The June 17 collision of Fitzgerald and the Philippine-flagged merchant ship ACX Crystal off the coast of Japan resulted in the death of seven sailors, extensive damage to the hull, and damage to several high-end electronic systems, such as the integrated radio room on the ship and the starboard forward array of the ship’s A/N-SPY1D(v) air search radar.

The port side of the flared bow of Crystal caved in the superstructure of the ship, crushing the radar face and twisting the metal of the superstructure.

A Navy official told USNI News the assessment on Fitzgerald is ongoing and that an official estimate is still being developed by the service. The service is also debating on how to get the DDG back to the U.S. for repairs, though a heavy-lift ship transporting Fitzgerald to the West Coast is the current favorite option in Navy leadership circles.

Cole was taken back to the U.S. by MV Blue Marlin, a heavy-lift transport for oil rigs, and repaired over a period of two years at what is now the Ingalls Shipbuilding yard in Pascagoula, Miss.

“The repair process, which cost about $250 million, included removing and replacing more than 550 tons of steel, replacing two 27-ton main engines and modules, installing a new stern flap, which will increase the ship’s speed and fuel efficiency, replacing three gas turbines generators, and installing new galley equipment,” the service said at the time.
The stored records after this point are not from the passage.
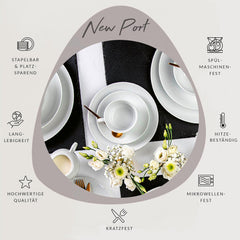 Sänger New Port Ensemble de tasses à café, 12 tasses pour 6 personnes, tasses et soucoupes en porcelaine blanche, 150 ml | LA COLLECTION PREMIUM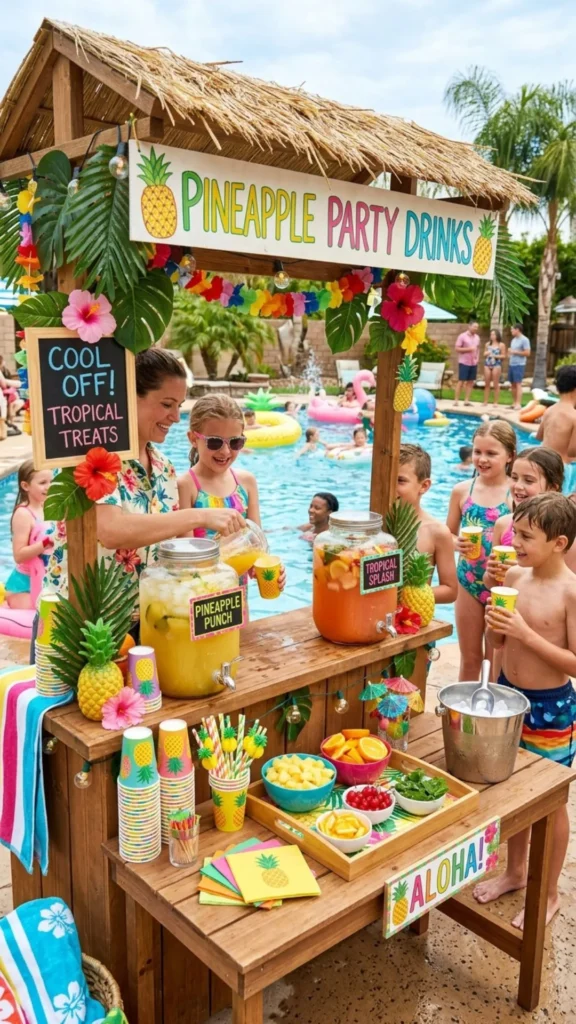 Cute pineapple drink station for pool parties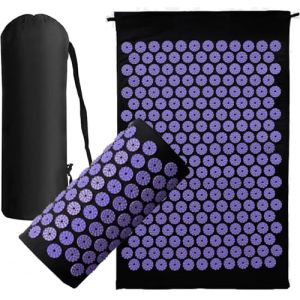 Ensemble tapis d'acupression et oreiller pour homme et femme - Soulage les douleurs du dos, du cou et des muscles - Sac de voyage avec sangle réglable (noir avec pointes violettes) (GLOBAL COSMETICS, neuf)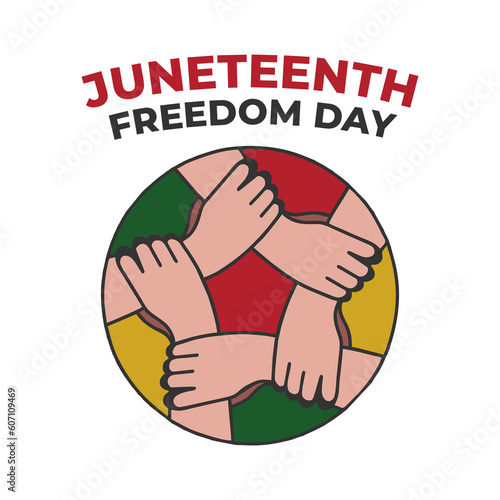 Juneteenth Freedom Day of United States in vector design. Holding hands together symbol of unity. Juneteenth concept.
The biggest difference in cost will be the replacement and upgrading the electronics of Fitzgerald.

MV Blue Marlin transporting USS Cole from Yemen following the 2000 attack on the ship. US Navy Photo

“The Cole was largely engineering, and it’s electronics that gets you,” retired Navy captain and naval analyst Chris Carlson told USNI News on Wednesday.
“An engine looks expensive, but it’s a pretty basic repair compared to electronic systems.”

Additionally, the spaces that were flooded below the waterline would also need to be gutted, Carlson said.
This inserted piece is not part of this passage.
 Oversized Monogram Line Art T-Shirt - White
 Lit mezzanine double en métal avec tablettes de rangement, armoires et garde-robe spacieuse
Bryan Clark, naval analyst with Center for Strategic and Budgetary Assessments, said, based on photos of the damage published by the Navy, the costs to repair the ship would easily top the $250 million of the Cole repairs, and could even double that figure.

Fitzgerald, commissioned in 1995, is one of the earliest Arleigh Burke-class destroyers and was due for a $170-million basic hull, mechanical and engineering upgrade in Fiscal Year 2019, according to modernization information obtained by USNI News. The upgrade is meant to get an additional 10 to 15 years of life out of the hull.

However, the Navy will probably elect to upgrade the damaged electronics to the new Baseline 9 standard that allows warships to both target ballistic missiles and fight traditional air warfare threats. That overhaul costs about $270 million.

“That makes the repair-plus-overhaul several times more expensive than originally planned. The problem will still be, what work won’t get done on other ships to pay for the repair?” Clark said.
“Does that mean two BMD modernizations don’t get done? If that’s the trade then it’s not worth it.”

While there are several unknowns around the repair schedule, the Navy has said it was committed to repairing the ship.

“The ship is salvageable,” U.S. 7th Fleet commander Vice Adm. Joseph Aucoin told reporters on June 17, Stars and Stripes reported.
“It will require some significant repairs. You will see the USS Fitzgerald back as one of our warships here. [Repair time] will take months, hopefully under a year.”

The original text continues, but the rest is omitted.